Earlier in the year I dropped a couple of articles into the system, inspired by my own ongoing adventures with the Russian language (Find them here and here). Well, the nightmare continues; but with some perverse comfort at the revelation that the Russians also find it a battle to learn English! It’s enlightening to see how the other half live (and learn). What I’m trying to say is that: no one has it easy when it comes to language a new language. Whichever side you are on take heart: there are pluses and minuses to both.
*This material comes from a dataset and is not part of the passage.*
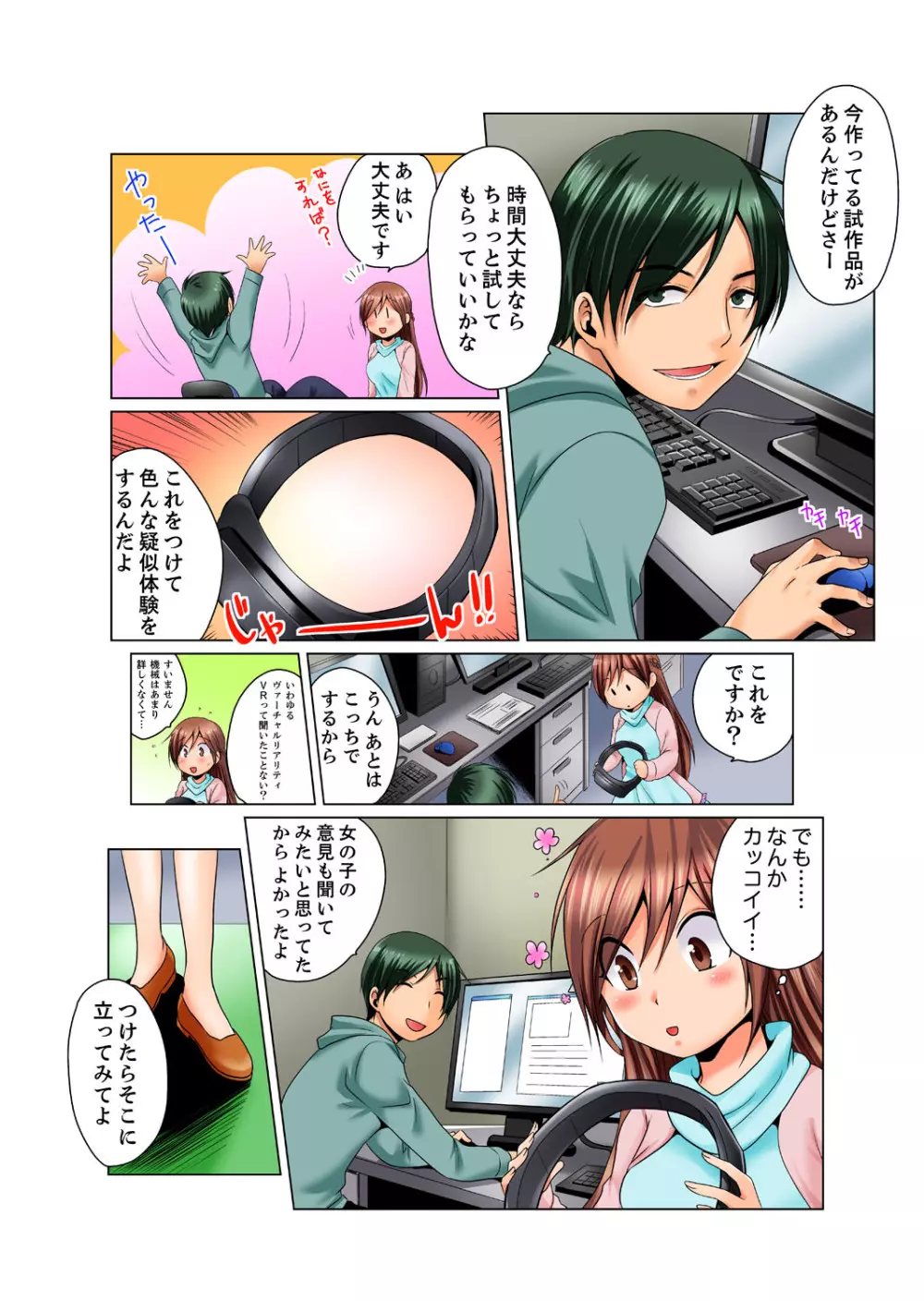 独身寮のハメられ玩具~お掃除中にぐちょぐちょしないで…!【完全版】 Page.59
So the fight continues. After climbing this particular mountain for quite some time; progress has been made – though I won’t be discussing particle physics in Russian for the foreseeable future. It’s notable though that a few interesting oddities and repeatable errors (frequently repeatable in fact!) continually recur. Here’s what I’ve found:-
“Wow! your Russian sounds really good”
You will hear this a lot from your English friends and colleagues, usually when you drop “Hello, I am from England”, “What is your name” and “Where is the restaurant?” (all in Russian) randomly into the conversation, simply because someone asked you how your Russian was going. They are absolutely wrong in their estimation of course, as any brief interaction that you dare attempt with a native Russian speaker will instantaneously and brutally reveal to you.
You could be inventing word-noises on the fly and your English chums would still be impressed. They are praising you for climbing a mountain, when you are in fact only 30ft up the side (and the mountain happens to be Everest). So, believe them and you are set for a monumental crash. You are c**p, and will remain c**p for a long time to come. Each hour of practice is a lesson in humility.
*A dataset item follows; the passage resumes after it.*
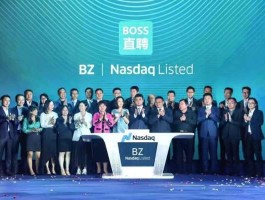 boss直聘股票（Boss直聘股票）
How’s that “Kh” and “rrrrr”?
These are the two hardest sounds (for a native English speaker), and Russians use them an awful lot. The first is a cross between the letter “H” and the start of an asthma attack. It’s the sound you make when trying to hack up something from the back of your throat. The second is something between a rolled “R” and a purring/growling cat. It’s not that the sound is particularly difficult to make per se, it’s just that it requires some vocal acrobatics to switch in and out of it – in the middle of a surrounding word that consists largely of consonants. So naturally I try to force it (which is wrong) and I growl, literally growl like I have some bizarre form of tourette’s syndrome, several times throughout the most innocuous discussions on food, music, the state of the economy, anything.
That’s a lot of nouns
Expanding your vocabulary is not just about “cat, table, television, tram, beer, hotel, car, airport, cake, horse” etc etc ad nauseum. What is it about nouns that attracts us? Perhaps the notion that knowing them gives us some kind of ‘grip’ upon something tangible rather than abstract? How’s your Russian vocabulary doing? chances are (especially if you are a self-taught beginner) that there’ll be a lot of nouns in there at the expense of other word forms. Nouns feel like progress don’t they? But how are you going to use them if the supporting language isn’t there? Sentences aren’t strings of nouns. Well that’s obvious you say, as you mentally run through your wordbase, and with realisation mutter a stifled “oh, duh” under your breath.
That’s what it looks like??!
It’s the curse of audio-lesson dependency, though they do have their place. We’ve all been there. Can you believe now that you once thought you’d grab an audio course and instantly become proficient? That this would be “learning Russian”? It’s the difference between cramming a few handy travel phrases and “knowing” a language. It depends on what you are looking to achieve of course. After around 20 or 30 times parroting “Tell me please: where is Red Square?” you will realise that audio courses suck in absolute beginners and spit out simply: beginners. What’s more, relying on them gives little indication of how the words are constructed. You hear the sounds and you mimic them. Later you will read the Russian for “Tell me please: where is Red Square?” and it will look like nothing you ever imagined. You’ll even struggle through the sentence and think: “hmm, now where have I heard that before”. Then in a flash of light: it clicks.